Cameroun : le bambou, nouvel allié pour restaurer les terres dégradées

En raison de sa croissance rapide, de sa capacité à fixer l’azote et de son rôle dans la séquestration du carbone, cette plante s’impose comme une solution durable pour la préservation des écosystèmes et l’amélioration des conditions de vie des populations rurales.


Face à la dégradation accélérée des sols et à l’érosion, le Cameroun mise sur le bambou pour restaurer ses terres abîmées. Depuis l’interdiction en 2016 de l’exploitation des bois de perche au Cameroun, en application des recommandations de l’Accord de Paris sur le climat, le bambou a progressivement pris le relais dans plusieurs domaines, notamment le bâtiment et l’artisanat. Mais au-delà de ces usages, cette plante à croissance rapide est devenue un levier essentiel de la restauration des sols dégradés. « Le bambou est une ressource précieuse pour stabiliser les sols et lutter contre l’érosion », affirme Angèle Wadou, sous-directrice de la biodiversité au ministère de l’Environnement.

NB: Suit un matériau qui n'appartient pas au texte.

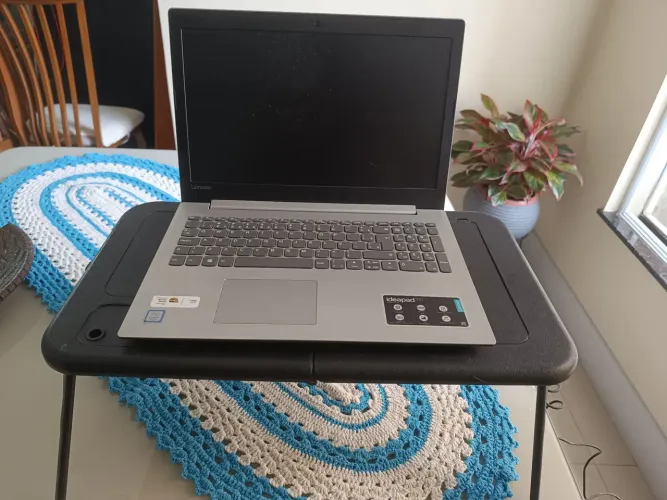 Mesinha articulada para notebook com 2 coolers e 3 entradas usb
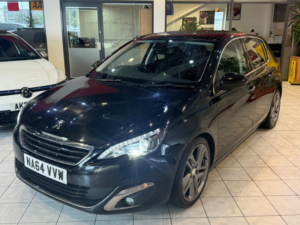 2014 Peugeot 308 1.6 E-Hdi Feline in Black — image 5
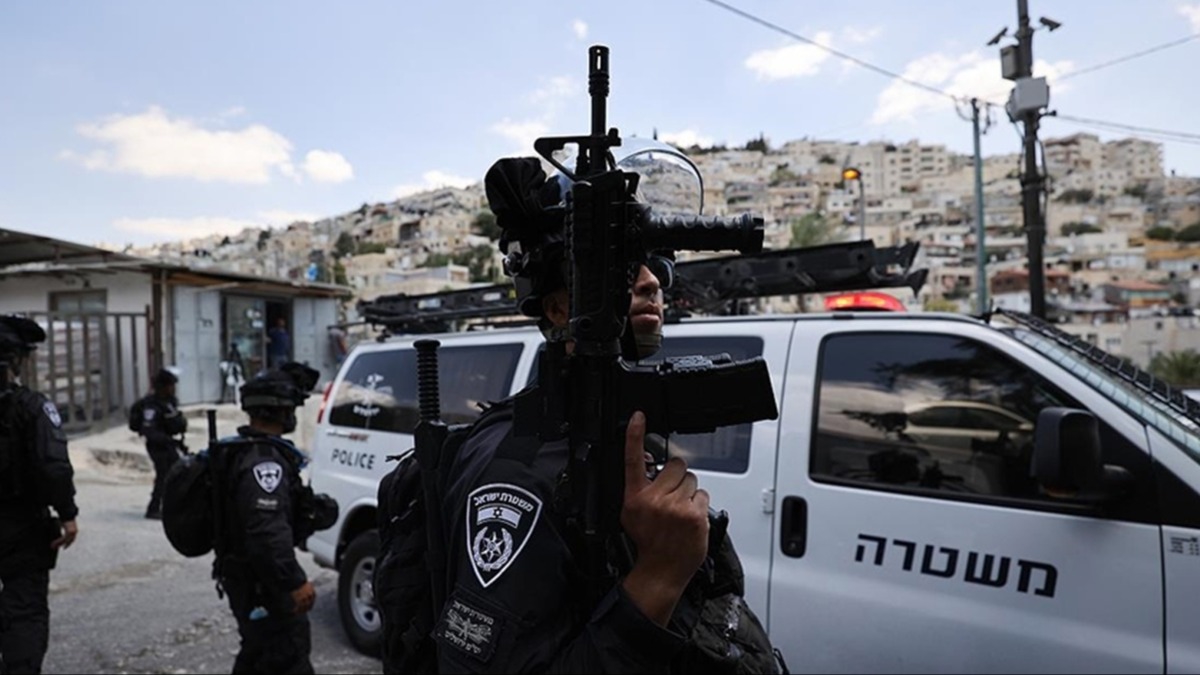 srail gleri Dou Kuds'te bir Filistinliyi ldrd 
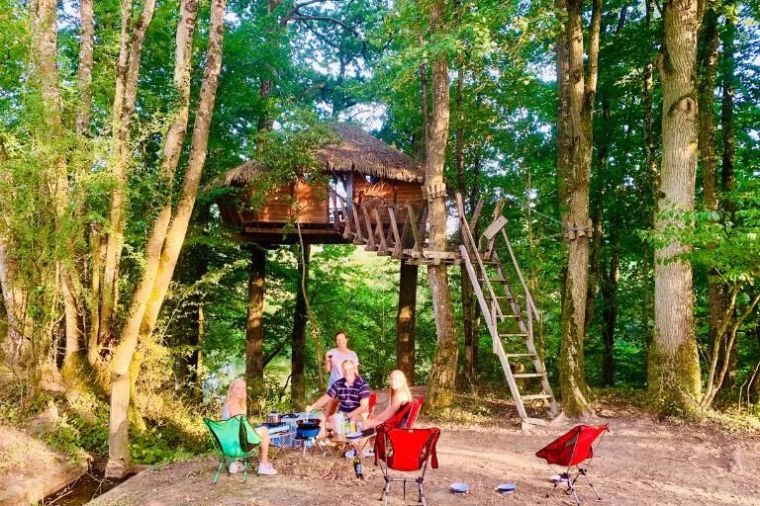 Déconnexion Naturelle : Séjour enCabane sans Écrans pour Familles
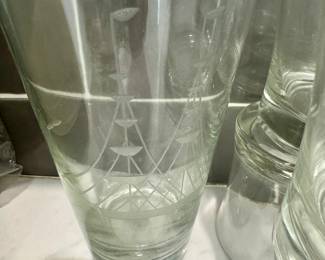 Vintage etched shaker with a rock glasses. Etched with ships.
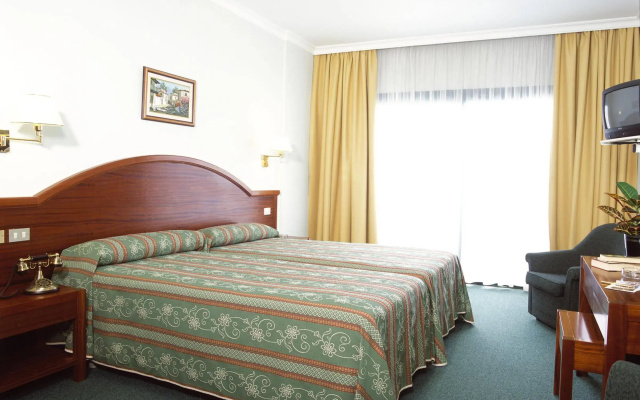 Hotel Don Manolito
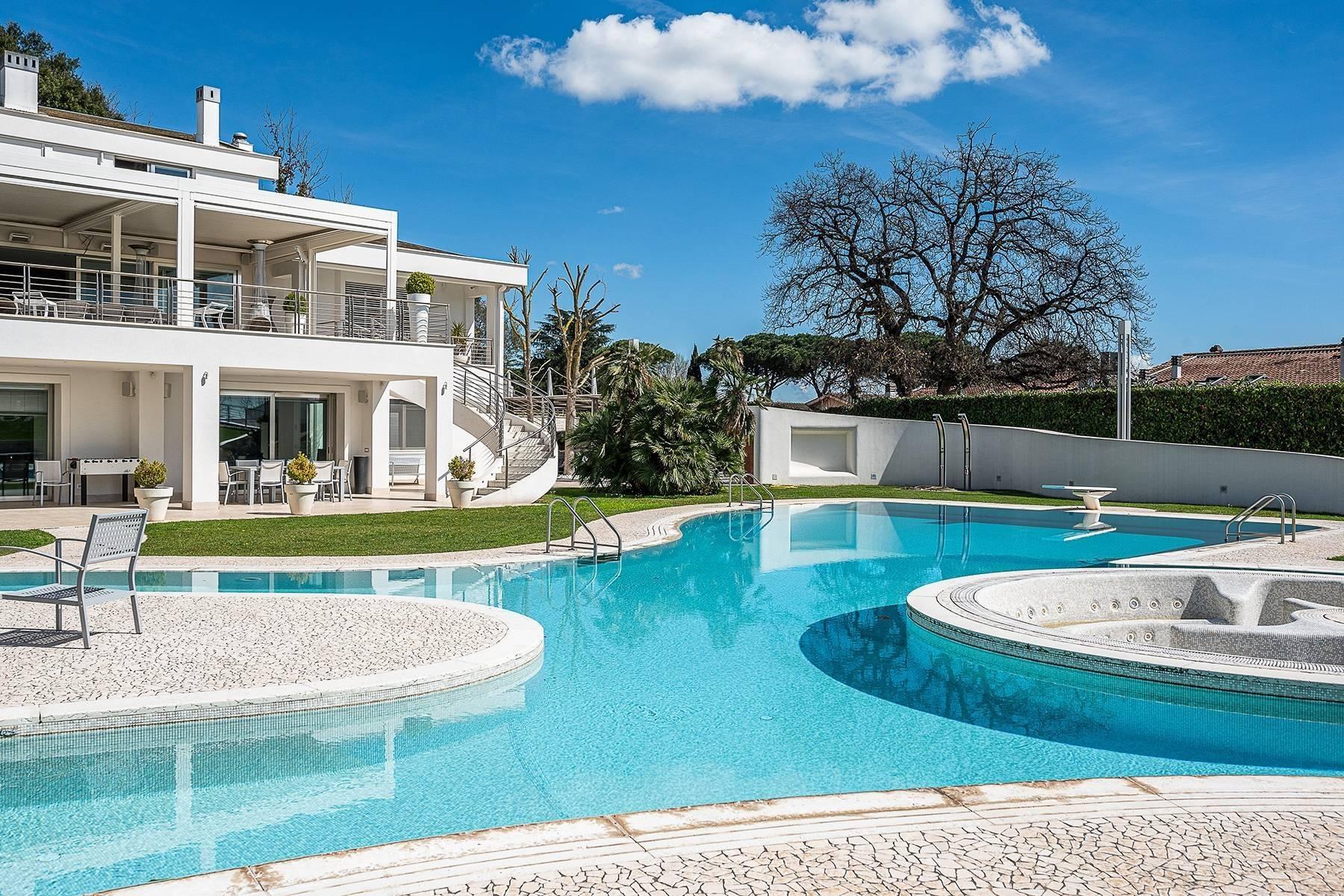 Exclusive villa in Olgiata with private swimming pool - 1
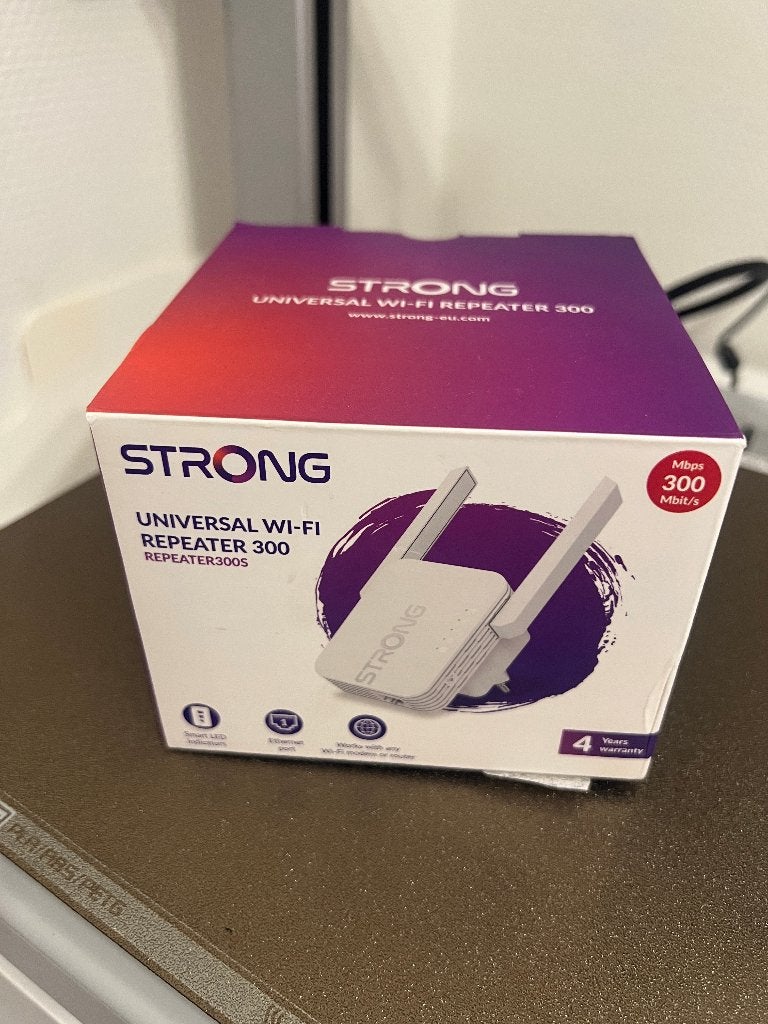 STRONG Wifi Versterker Repeater 300 Mbps, Ophalen of Verzenden, Nieuw, Onbekend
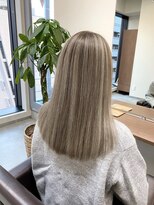 バランス 新宿(balance)&nbsp;小顔ロング×ハイライト×ホワイトシフォン×艶カラー×髪質改善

Grâce à son système racinaire dense et profond, il retient la terre, réduit la perte des nutriments et protège les berges des cours d’eau, comme en témoigne le projet pilote mené sur les rives du fleuve Bénoué entre 2018 et 2020.


Contrairement aux idées reçues selon lesquelles le bambou appauvrirait le sol, de nombreux experts soulignent au contraire ses bienfaits agronomiques. Séverine Etounou, chercheure à l’Institut de recherche agricole pour le développement (Irad), insiste sur l’apport nutritif de ses feuilles. « En se décomposant, elles libèrent une forte quantité d’azote, enrichissant ainsi le sol et favorisant la repousse d’autres espèces végétales », explique-t-elle.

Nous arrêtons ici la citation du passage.